▽

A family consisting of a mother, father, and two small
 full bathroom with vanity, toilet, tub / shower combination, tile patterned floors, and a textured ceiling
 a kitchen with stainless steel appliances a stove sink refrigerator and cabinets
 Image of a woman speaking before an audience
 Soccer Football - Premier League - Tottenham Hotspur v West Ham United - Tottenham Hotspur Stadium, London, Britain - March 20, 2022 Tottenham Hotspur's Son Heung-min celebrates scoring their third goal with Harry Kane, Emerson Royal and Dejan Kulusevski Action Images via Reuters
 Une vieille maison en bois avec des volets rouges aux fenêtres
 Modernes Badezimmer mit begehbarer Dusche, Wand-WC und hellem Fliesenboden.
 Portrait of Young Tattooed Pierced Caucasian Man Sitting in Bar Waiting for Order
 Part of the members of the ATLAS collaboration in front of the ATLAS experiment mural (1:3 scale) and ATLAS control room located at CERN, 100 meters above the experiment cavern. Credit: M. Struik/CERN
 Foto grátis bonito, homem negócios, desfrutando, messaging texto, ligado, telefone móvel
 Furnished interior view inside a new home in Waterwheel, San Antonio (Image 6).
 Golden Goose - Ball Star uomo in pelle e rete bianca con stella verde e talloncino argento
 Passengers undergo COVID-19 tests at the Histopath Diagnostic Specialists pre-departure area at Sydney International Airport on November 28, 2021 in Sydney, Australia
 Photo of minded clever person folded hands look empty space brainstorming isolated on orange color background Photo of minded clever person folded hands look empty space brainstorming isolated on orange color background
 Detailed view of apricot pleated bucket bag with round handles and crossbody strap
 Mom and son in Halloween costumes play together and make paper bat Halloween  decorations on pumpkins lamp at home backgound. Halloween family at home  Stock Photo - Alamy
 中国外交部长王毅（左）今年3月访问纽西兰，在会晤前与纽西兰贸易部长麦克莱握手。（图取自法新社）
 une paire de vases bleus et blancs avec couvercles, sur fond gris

△

Return only the lines of the records in which the string "Photo" appears.

### ANSWER FOR THIS EXERCISE
 Photo of minded clever person folded hands look empty space brainstorming isolated on orange color background Photo of minded clever person folded hands look empty space brainstorming isolated on orange color background
 Mom and son in Halloween costumes play together and make paper bat Halloween  decorations on pumpkins lamp at home backgound. Halloween family at home  Stock Photo - Alamy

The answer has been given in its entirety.